The city also attracts people who make regional, specialty pizza. I can get styles from all over the world, whether it is Detroit, or St. Louis, or Argentina.

We're a city of immigrants who bring all their traditions to our city's food culture. Birria tacos, a beef taco originally from Tijuana, exploded in popularity across the city two years ago. Now there's a birria pizza. A pizzeria in Bed-Stuy, Cuts & Slices, is run by a Trinidadian immigrant and sells an oxtail pizza I've been meaning to try. I'm sure there are going to be people out there who say that isn't authentic, that it isn't New York pizza. But the reality is New York cuisine has always been a fusion of the many people who live here, and that translates to our pizzas too.


Q: Also, what experiences have you had with pizza in the U.S. outside of NYC?


A: I've eaten a lot of pizza in Boston. A friend attended graduate school there for a while and we would visit and have some drinks and then eat pizza. Pinocchio's Pizza was the first choice. They bake big rectangular sheets. It's thick and thick and puffy, but also the crust was very crispy. That's different from a similar New York "Sicilian" slice which tends to be soft all the way through.

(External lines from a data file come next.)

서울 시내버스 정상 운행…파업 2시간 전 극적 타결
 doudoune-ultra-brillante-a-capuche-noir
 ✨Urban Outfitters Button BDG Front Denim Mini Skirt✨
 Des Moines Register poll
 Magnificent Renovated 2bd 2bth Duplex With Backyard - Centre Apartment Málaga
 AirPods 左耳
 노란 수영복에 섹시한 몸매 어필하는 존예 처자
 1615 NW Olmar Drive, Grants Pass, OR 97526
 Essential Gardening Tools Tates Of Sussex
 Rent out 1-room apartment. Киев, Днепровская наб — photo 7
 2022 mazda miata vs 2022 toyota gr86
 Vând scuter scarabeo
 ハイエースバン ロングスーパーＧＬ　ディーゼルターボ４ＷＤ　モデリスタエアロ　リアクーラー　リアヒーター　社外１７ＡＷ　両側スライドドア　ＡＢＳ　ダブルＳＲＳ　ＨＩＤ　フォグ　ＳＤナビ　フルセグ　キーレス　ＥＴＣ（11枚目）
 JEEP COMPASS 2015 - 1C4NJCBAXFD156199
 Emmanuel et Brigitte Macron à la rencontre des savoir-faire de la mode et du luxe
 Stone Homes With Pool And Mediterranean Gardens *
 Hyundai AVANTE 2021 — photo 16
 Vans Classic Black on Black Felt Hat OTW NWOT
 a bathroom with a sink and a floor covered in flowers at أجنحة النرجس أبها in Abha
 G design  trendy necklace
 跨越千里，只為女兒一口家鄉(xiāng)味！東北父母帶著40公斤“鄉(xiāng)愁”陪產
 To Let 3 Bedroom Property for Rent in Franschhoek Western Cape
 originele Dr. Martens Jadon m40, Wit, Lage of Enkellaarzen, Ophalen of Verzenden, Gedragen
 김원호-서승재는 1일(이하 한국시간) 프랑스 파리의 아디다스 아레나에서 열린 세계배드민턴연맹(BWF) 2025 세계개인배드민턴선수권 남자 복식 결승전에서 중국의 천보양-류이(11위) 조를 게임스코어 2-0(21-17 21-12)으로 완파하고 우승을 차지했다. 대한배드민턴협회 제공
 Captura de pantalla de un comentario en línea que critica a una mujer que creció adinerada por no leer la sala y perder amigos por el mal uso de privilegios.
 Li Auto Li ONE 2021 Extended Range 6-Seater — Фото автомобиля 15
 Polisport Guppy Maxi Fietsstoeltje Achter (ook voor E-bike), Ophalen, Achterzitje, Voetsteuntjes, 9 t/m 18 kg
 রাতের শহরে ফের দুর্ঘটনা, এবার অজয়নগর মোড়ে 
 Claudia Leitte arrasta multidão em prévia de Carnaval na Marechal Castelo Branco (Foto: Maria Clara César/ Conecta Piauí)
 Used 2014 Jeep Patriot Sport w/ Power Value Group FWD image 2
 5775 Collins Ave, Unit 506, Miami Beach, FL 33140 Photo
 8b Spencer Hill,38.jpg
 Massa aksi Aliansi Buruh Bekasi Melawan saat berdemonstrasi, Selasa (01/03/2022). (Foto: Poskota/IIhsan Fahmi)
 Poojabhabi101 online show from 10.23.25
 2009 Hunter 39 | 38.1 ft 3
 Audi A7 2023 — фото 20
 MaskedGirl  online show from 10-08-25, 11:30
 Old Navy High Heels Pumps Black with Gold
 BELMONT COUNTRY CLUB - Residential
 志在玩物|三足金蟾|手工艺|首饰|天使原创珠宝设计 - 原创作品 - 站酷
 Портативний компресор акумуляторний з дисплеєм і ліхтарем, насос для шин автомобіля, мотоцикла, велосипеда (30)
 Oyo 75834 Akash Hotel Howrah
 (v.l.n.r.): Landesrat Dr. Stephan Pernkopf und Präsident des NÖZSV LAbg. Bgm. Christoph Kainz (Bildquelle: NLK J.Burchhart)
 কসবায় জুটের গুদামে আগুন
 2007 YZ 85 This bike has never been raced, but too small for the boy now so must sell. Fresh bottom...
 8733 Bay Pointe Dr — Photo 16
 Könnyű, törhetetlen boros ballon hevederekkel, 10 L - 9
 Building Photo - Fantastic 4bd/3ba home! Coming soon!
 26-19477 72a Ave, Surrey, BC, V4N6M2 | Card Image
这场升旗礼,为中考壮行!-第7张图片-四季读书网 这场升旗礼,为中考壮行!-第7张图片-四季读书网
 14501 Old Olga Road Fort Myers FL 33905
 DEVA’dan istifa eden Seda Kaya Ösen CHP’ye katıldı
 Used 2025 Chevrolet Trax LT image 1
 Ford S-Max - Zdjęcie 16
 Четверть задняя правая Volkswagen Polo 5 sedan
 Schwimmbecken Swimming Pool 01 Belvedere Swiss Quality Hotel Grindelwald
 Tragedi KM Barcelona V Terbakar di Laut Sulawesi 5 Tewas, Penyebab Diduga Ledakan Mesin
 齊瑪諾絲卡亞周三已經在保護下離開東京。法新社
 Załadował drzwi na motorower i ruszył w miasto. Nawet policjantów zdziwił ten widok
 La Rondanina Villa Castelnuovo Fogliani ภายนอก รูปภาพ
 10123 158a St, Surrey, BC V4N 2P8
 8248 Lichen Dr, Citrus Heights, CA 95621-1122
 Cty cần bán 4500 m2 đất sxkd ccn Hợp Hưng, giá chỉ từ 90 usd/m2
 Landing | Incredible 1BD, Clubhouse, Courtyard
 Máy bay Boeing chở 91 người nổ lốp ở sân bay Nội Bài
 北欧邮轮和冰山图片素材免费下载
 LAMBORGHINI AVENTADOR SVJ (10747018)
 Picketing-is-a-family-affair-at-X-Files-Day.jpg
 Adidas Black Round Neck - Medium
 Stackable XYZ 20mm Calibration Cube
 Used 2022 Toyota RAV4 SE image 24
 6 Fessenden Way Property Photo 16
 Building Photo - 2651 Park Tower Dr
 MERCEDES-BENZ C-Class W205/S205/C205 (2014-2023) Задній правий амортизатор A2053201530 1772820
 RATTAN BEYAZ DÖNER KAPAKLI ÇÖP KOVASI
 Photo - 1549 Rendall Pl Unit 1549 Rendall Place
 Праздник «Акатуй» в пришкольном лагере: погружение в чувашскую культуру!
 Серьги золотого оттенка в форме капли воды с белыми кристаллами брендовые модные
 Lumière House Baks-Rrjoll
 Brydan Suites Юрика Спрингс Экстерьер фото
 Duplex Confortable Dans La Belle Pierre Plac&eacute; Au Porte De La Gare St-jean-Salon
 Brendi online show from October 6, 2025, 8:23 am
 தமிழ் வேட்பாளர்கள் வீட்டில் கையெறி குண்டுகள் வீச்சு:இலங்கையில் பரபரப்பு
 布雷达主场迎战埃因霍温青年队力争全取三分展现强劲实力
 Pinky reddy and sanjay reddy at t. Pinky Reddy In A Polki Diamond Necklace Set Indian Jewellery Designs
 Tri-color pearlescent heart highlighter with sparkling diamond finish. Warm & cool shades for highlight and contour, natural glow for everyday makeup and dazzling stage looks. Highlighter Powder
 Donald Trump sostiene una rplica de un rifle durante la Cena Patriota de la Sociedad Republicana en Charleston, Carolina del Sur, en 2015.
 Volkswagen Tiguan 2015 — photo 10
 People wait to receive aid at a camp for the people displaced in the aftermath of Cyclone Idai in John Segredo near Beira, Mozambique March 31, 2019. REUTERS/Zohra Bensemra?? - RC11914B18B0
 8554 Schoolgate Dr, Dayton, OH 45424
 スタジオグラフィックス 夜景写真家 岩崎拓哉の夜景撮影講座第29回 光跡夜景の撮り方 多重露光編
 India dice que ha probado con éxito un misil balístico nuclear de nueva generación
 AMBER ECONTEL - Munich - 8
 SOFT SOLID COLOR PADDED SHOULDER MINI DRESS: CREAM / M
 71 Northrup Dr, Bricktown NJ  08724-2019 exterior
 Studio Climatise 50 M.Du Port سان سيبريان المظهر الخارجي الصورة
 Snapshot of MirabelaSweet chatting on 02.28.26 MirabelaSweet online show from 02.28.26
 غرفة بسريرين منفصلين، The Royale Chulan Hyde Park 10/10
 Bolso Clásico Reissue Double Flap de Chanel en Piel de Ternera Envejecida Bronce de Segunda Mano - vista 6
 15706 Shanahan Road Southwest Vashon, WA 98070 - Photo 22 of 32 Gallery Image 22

There was a place in San Francisco I can recall that had a distinctly sweet red sauce. I was wandering around the city as a tourist. In New York, I walk everywhere, so I was doing that in San Francisco, just wandering around. You might not know this about San Francisco, but they have a lot of hills. Walking around is a lot different there as a result. Locals don't do it as much. My brother and I were walking toward Telegraph Hill, which means we were walking uphill. We hadn't had lunch, and then all of a sudden I see a place advertising pizza by the slice. So obviously I wanted to try it.

The Trenton tomato pie is worth mentioning too. It's typically round like New York pies, but the cheese is hidden under the tomato sauce.

The slice I won't forget though is the giant D.C. slice. These are about twice the diameter of a New York slice, about 18 inches. They were invented by competing pizzerias in the late 1990s and served in the Adams Morgan neighborhood where there are a number of bars. Those slices are a great way to end the night if you have had a few beers, but probably not a slice I want as a midday snack.


Q: Detroit-style pizza seems to be having something of a moment right now, with some national chains and frozen pizza companies starting to offer their take on the style. Plus, here in Indiana we're seeing several Detroit-style pizzerias opening up. Obviously Detroit-style has been around for decades and will live on for many more decades, but what other pizza styles/innovations do you expect to experience widespread trendiness in the next 5-10 years?


A: The spread of Detroit-style pizza demonstrates how versatile pizza can be. A few shops have opened in New York that have replicated the rectangular and crusty dough. On one hand, you have a place like Lions & Tigers and Squares serving up a Detroit-style pizza with some very traditional toppings. But then there is Emmy Squared which took the format–crispy rectangle–and started doing some wild and delicious things with the toppings like Korean wing sauce with radishes, a deconstructed cheeseburger, jalapenos and honey. I'm not trying to suggest pizza must come to New York to be improved, only that pizza as a food is continually evolving. New York's grandma slice is a great example of this. For Gen Z, they grew up in a world where the grandma slice was available at basically any corner pizzeria in New York, but it's a relatively new form, only a few decades old.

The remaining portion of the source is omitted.